Leslie Basham: As you're standing in the checkout line at the grocery store, what kind of message are you receiving from the covers of all those fashion magazines? It's Thursday, January 31; and this is Revive Our Hearts with Nancy Leigh DeMoss.

It's easy to let our eyes scan the images of airbrushed models on the covers of magazines and start to think that we don't measure up. But when we look to God and the truths of the Bible, we gain a right perspective of physical beauty. Let's join Nancy as she continues a series called Lies Women Believe About Themselves.

Nancy Leigh DeMoss: I hope that you don't spend a lot of your time reading contemporary women's magazines because if you do, you will probably find yourself being brainwashed with a lot of the world's ways of thinking. We're learning that the world's ways of thinking are deceptive, and they put us in bondage. It's so important that we control (to the degree that we can) the influence, the input, that comes into our minds because "As a man thinks in his heart, so is he."

If we listen to lies, we're going to dwell on those lies. We're going to ultimately end up believing those lies, and what we believe we're going to act on. When we act on lies repeatedly, we're going to find ourselves in bondage. Of course, we know the way to be set free from that bondage is to replace the lies with the truth.

But back to women's magazines. If you do ever leaf through those, one thing that certainly will stand out to you as it does to me--as you look at the advertisements and the articles, what is the focus of so much of what we're being told as women today? The world would have us to believe that those external things are what determine our happiness, our sense of worth, our appeal to men, our ability to make friends and keep friends and our overall sense of personal well-being.

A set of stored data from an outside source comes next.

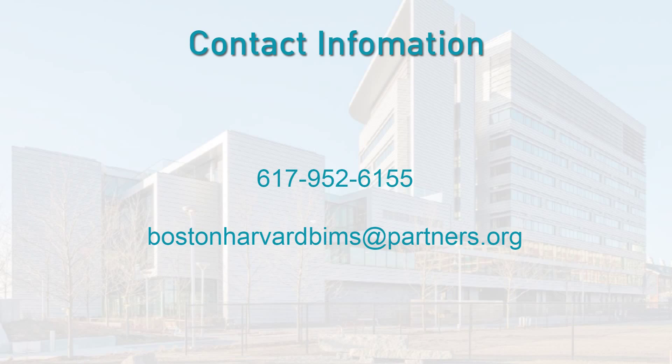If you have any questions or would like to learn more about our study, you may contact us by phone or by email.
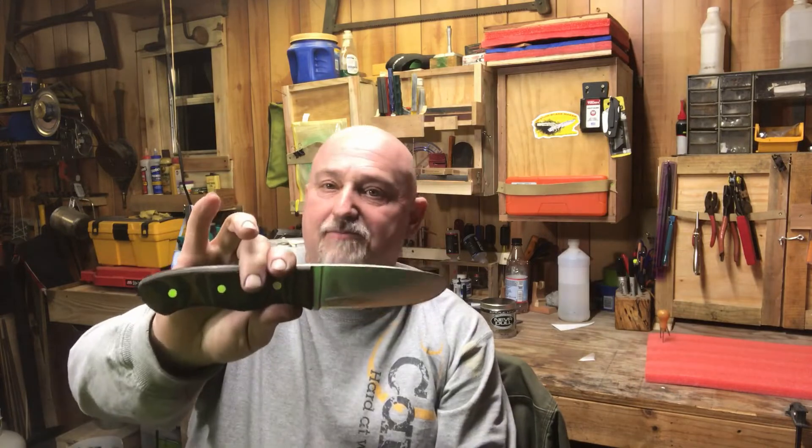Hey everybody, this is Mike at ASR Outdoors. I'm going to show you a little prototype. I'm going to keep this thing under five minutes, I promise you. But that's about all I've got — I'm tired. Plus I've still got five in the heat treat oven that's still got two more hours after this cycle is over with.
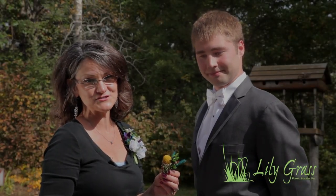Hi, I'm Marci with Lilygrass Floral Studio and I'd like to show you how to properly pin on a boutonniere.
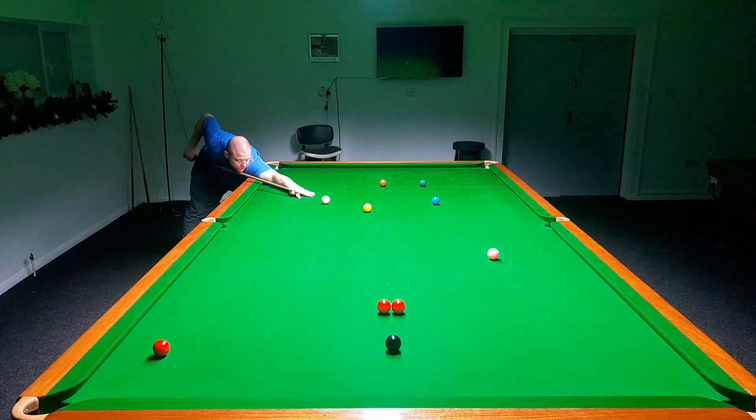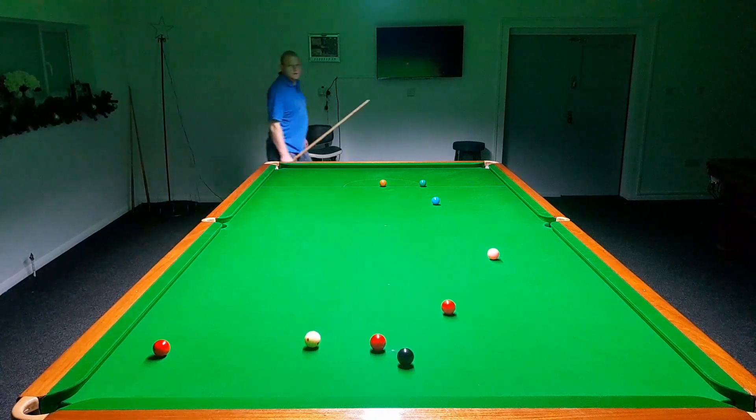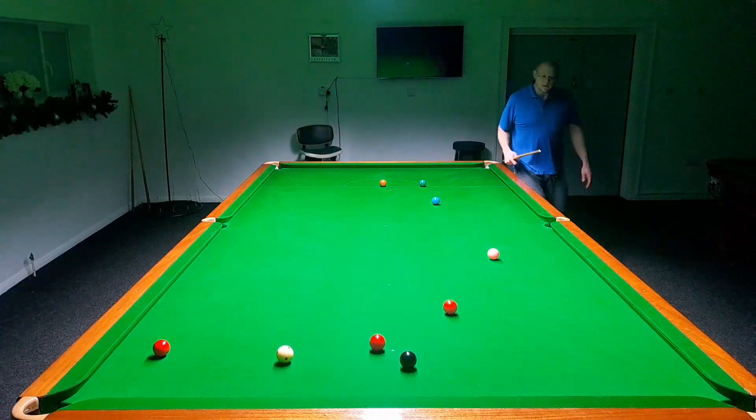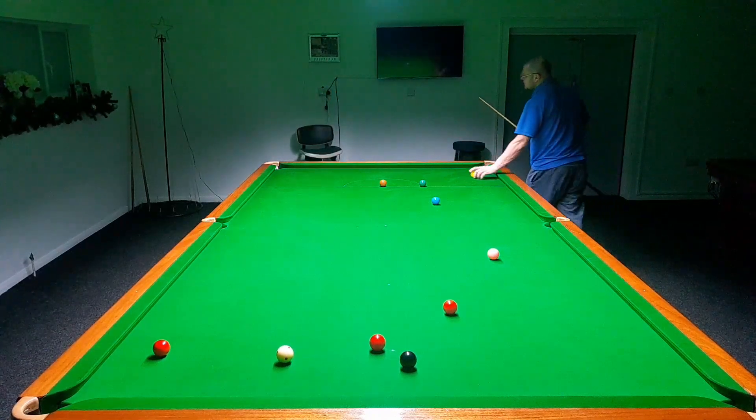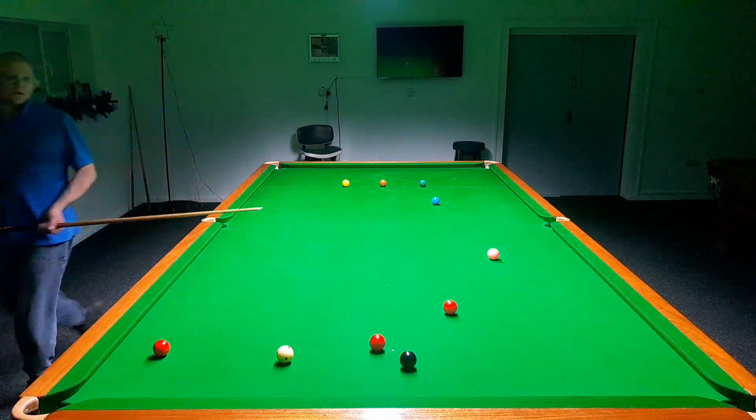Hello YouTube and welcome to a short video that I'm calling 'the wrong way around.' I'm going to leave shots one and three in so you can have a bit of context — developing those two reds off the yellow, trying to stay on the red to the left corner, but I guess it's actually worked out better.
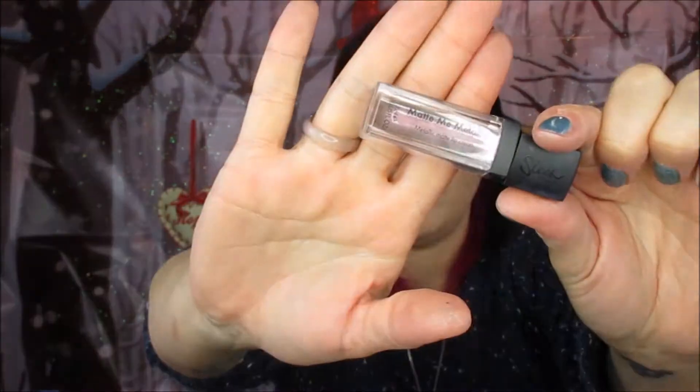Now we're taking the Sleek Matte Me Metallic in the shade Volcanic just to finish off the look. It's a nice metallic shade but not too bright, so it's nice and subtle to go with the rest of the look.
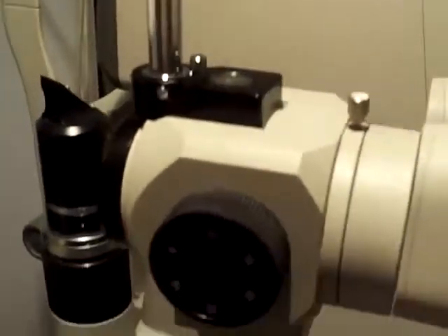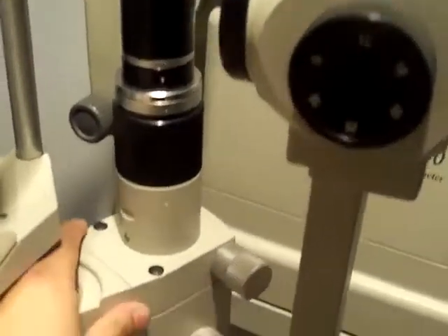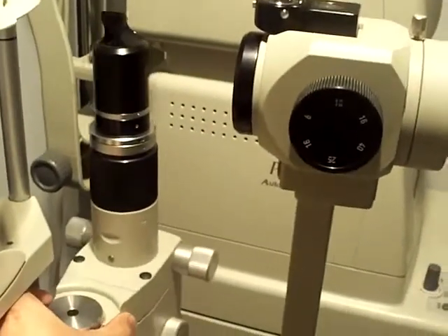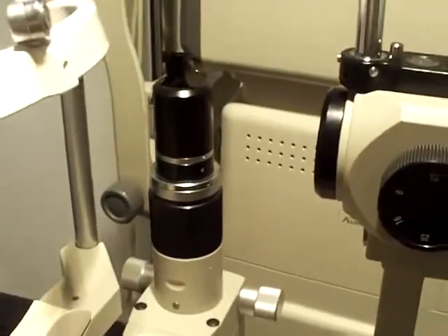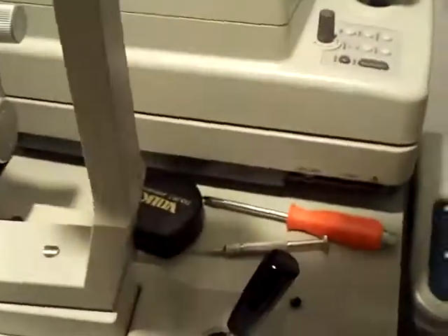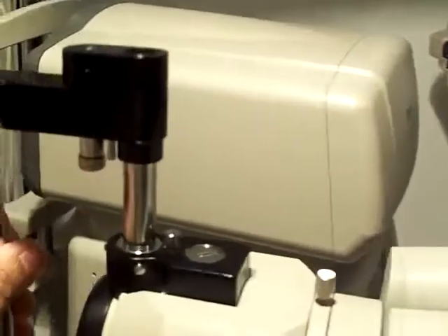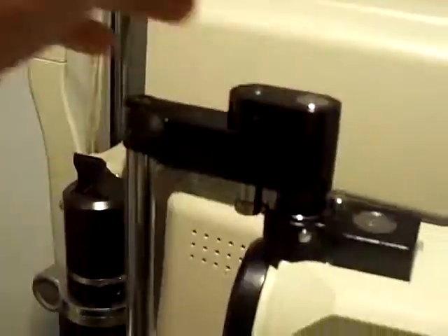Before you mount your R-Type Tonometer, make sure the illumination arm is as far away as possible, otherwise you will cause damage to your illumination arm. Simply pick up your R-Type Goldman Tonometer, place it on the mount, and push it in place.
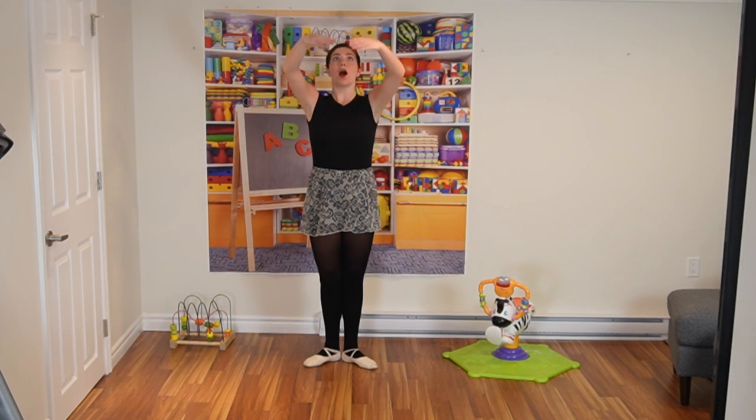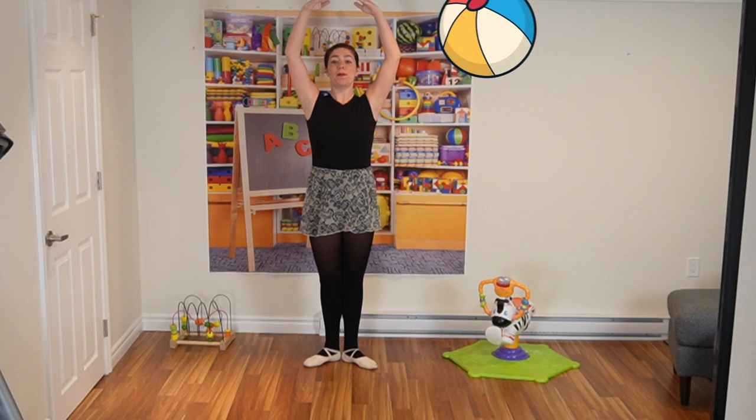We are now ready for our ballet dance, doing all the moves we've learned today. Starting with the first one — bringing your arms up into fifth position, making that beach ball. Get yourself ready, here we go. And up.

I had a friend call me last night as I was actually studying on this subject. She said, "Have you done any study on the whole area of physical beauty and external beauty?" I said, "It's interesting you should ask because I was just sitting here at my desk, thinking about this." She said she had just been to a fashion show of some sort recently, and these models were there from a well-known department store.

My friend was sitting at a table with some women she didn't know who were obviously professional sorts of women. She said it was amazing how intimidated all those women around her table were as they looked at the women walking up and down the runway, modeling these outfits. She said she finally got up the courage to say quietly to the women at her table, "What do you think those women are dealing with inside?" I think in that setting it was as if her words gave a little bit more perspective--that what is on the outside doesn't always tell the whole story.

But our society communicates the message and screams it at us from the time we're little children--and that is that physical beauty matters more than inner beauty. We have this intense pressure as women today to conform to some perfect physical ideal. Many women today are going to drastic measures to change their bodies in order to live up to that ideal. In our culture, I suppose as much as ever, women are driven in their pursuit of physical beauty.

One recent study showed that American women spend half a billion dollars in one year on shape-enhancing garments. That's a lot of money to get beautiful. Then the American Society of Plastic Surgeons shows that over the last eight years, cosmetic procedures among women have increased by 165 percent. I think we all know that physical beauty doesn't really ensure happiness or fulfillment or success. At least, if we think about it, we know that.

Take Princess Diana, who during her life was one of the most photographed--perhaps, the most photographed--woman in the world; but we know that she had a very troubled life and marriage relationship. Being beautiful was not all the story as it relates to Princess Diana.

I remember talking some time ago with a former Miss America. Those kind of women can be intimidating to be around as you can imagine. She told me a lengthy story about what she went through for years in beauty pageants--and the contortions and the changes and the procedures that she had to endure and go through.

She said, "I would do anything to my body to get to be what that particular pageant and their officials considered beautiful." At one point she moved to another state, and the rules changed. She had to undo some of what she had previously done in order to meet someone else's standard of physical beauty.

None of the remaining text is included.